Coupeville High School found what it was looking for in the Olympic League — athletic success. Missed class time and the cost of travel, however, trumped those wins and the Wolves will be leaving the conference at the end of the school year, athletic director Willie Smith announced Wednesday, Dec. 6.
Coupeville joined the 1A division of the Olympic League in the fall of 2014 after a decade in the Cascade Conference.
In the eight-team Cascade Conference, Coupeville was one of only two 1A schools and by far the smallest in enrollment.
Predictably, the Wolves had trouble consistently competing against the larger schools and never won a conference championship.
The Olympic League 1A division includes four schools, and two, Port Townsend and Chimacum, are close to Coupeville in enrollment.
Competing on a level play field, the Wolves won nearly a dozen league championships in only three and a third years.
Leaving the Olympic League has nothing to do with Coupeville’s relationship with the other member schools, according to Smith.
“I have nothing but positive things to say about the Olympic League and its athletic directors,” Smith said. “They brought us in and re-worked an entire league in order to make it happen for Coupeville at a time when we desperately needed a change.

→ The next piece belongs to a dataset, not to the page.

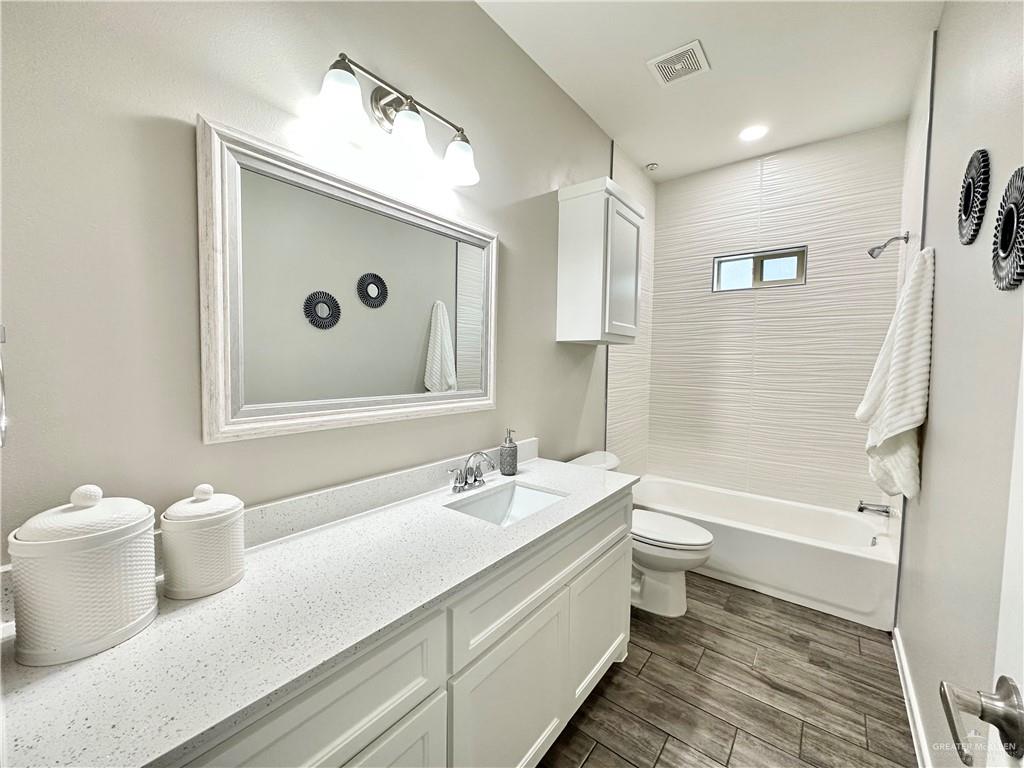 Photo 16 of 1605 Molino Drive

“It helped our programs get healthy again, kids turning out, and we have had a lot of successes in the Olympic League, but, and very importantly, it comes down to what is best for our schools and our kids.”

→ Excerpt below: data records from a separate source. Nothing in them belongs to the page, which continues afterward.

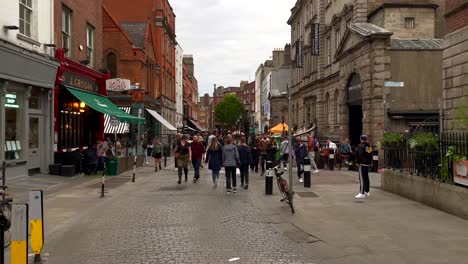 Static-shot-showing-crowd-of-pedestrian-strolling-in-city-shopping-promenade-during-daytime---Dublin,Ireland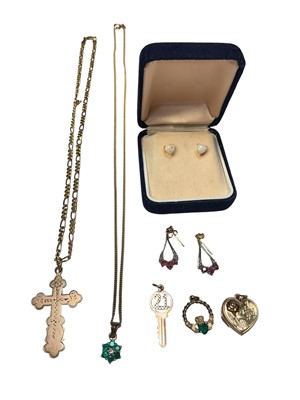 Lot 91 - Group of 9ct gold jewellery including pendants on chains, gem set earrings etc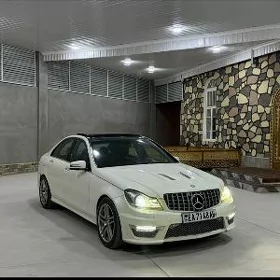 Mercedes-Benz C350 2009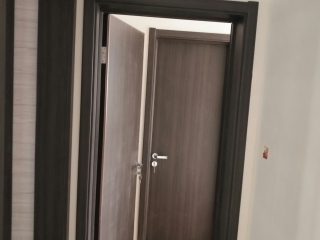 套装门、踢脚线安装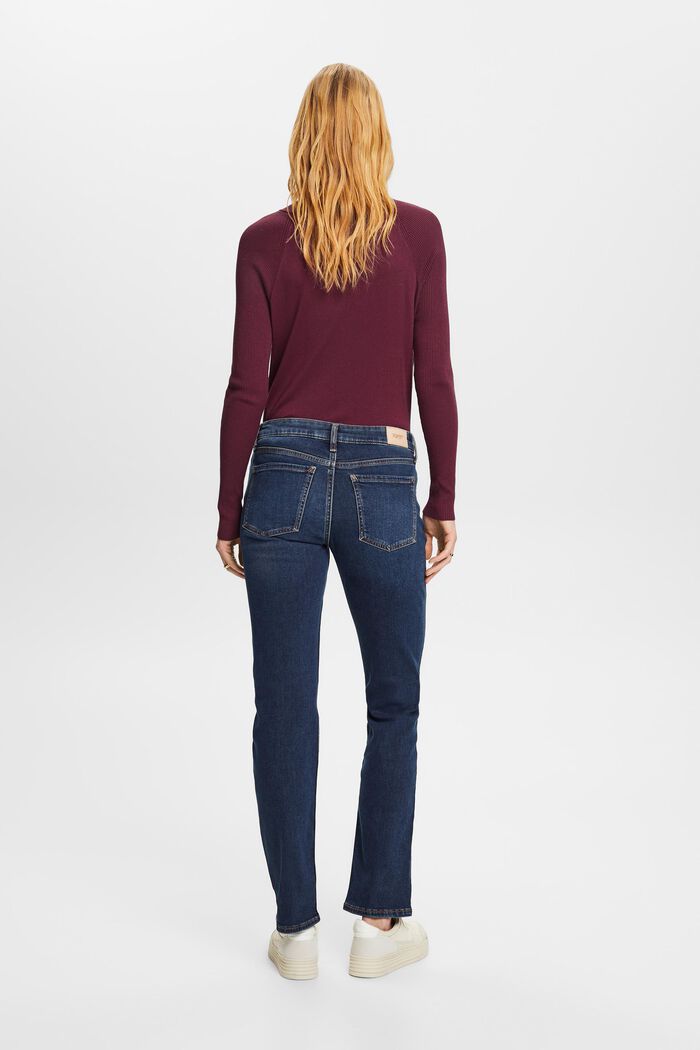 Recycelt: Jeans mit geradem Bein und mittelhohem Bund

Coupeville Middle School will also be leaving the companion North Olympic League.
Coupeville athletes often leave school before noon to travel to away games and arrive home late into the night. District 3 postseason competition, often in Tacoma and as far away as Lacey, increases those travel times.

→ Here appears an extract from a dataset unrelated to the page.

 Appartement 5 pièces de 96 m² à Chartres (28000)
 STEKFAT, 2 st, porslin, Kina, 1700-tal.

Those long trips pushed Coupeville $15,000 over its travel budget last year, Smith said.
“The amount of time and school our kids miss coupled with the reality of the costs has really made us look at where we were at, and a change was something that needed to occur,” Smith said.
Another factor in the decision is scheduling. The Olympic League is planning to decrease the number of league games against each opponent from three to two. This would leave only six conference games, forcing Coupeville to schedule as many as 14 non-league contests, a difficult task.
Working around the Port Townsend ferry is another problem, according to Smith.
“Neither the ferry or reservation system works as consistently as we need, and we had multiple re-schedules as well as cancellations due to ferry-related issues,” he said.
Now what?
Coupeville is eyeing two landing spots, the Northwest 2B/1B League and the new North Sound 1A League. Both include schools Coupeville has a long athletic history competing against.
The Northwest League includes 2B schools Concrete, Darrington, Friday Harbor, La Conner and Orcas Island and 1B Mount Vernon Christian.
Washington schools are in the middle of the second year of a four-year cycle in which teams are locked into a classification based on enrollment. At the last count, Coupeville had 227 high school students and was placed among the 1A schools (214-461 students). Coupeville was the sixth smallest of the classification’s 57 schools that did not opt up.
Coupeville’s current enrollment in ninth through 11th grades is now in the 2B range, and Coupeville is appealing to the Washington State Activities Association to be reclassified.
Normally, schools have to wait until the end of the four-year cycle to change classifications.
“We don’t know what the WIAA will consider as significant change in enrollment, as this is the first time the WIAA has ever had to render these decisions,” Smith said. “Neither myself or WIAA representatives can really speak to whether we have a legitimate chance of winning the appeal, but we are appealing.”
The decision will be made Jan. 28.
The Cascade Conference is disbanding at the end of this school year, and some of its schools are forming a new conference, the North Sound 1A League, which will include South Whidbey, Sultan, King’s, Cedar Park Christian and Granite Falls.
Granite Falls is a 2A school, and, like Coupeville, is appealing to the WIAA to drop a classification.
“Nothing, other than exiting the Olympic League at the conclusion of this year, is set, and even that needs approval from District 3, District 1 and the WIAA which should happen but is not always 100 percent,” Smith said.
“There are a lot of documentation, hearings and legwork that are currently being done and will continue to be done before anything firm happens.”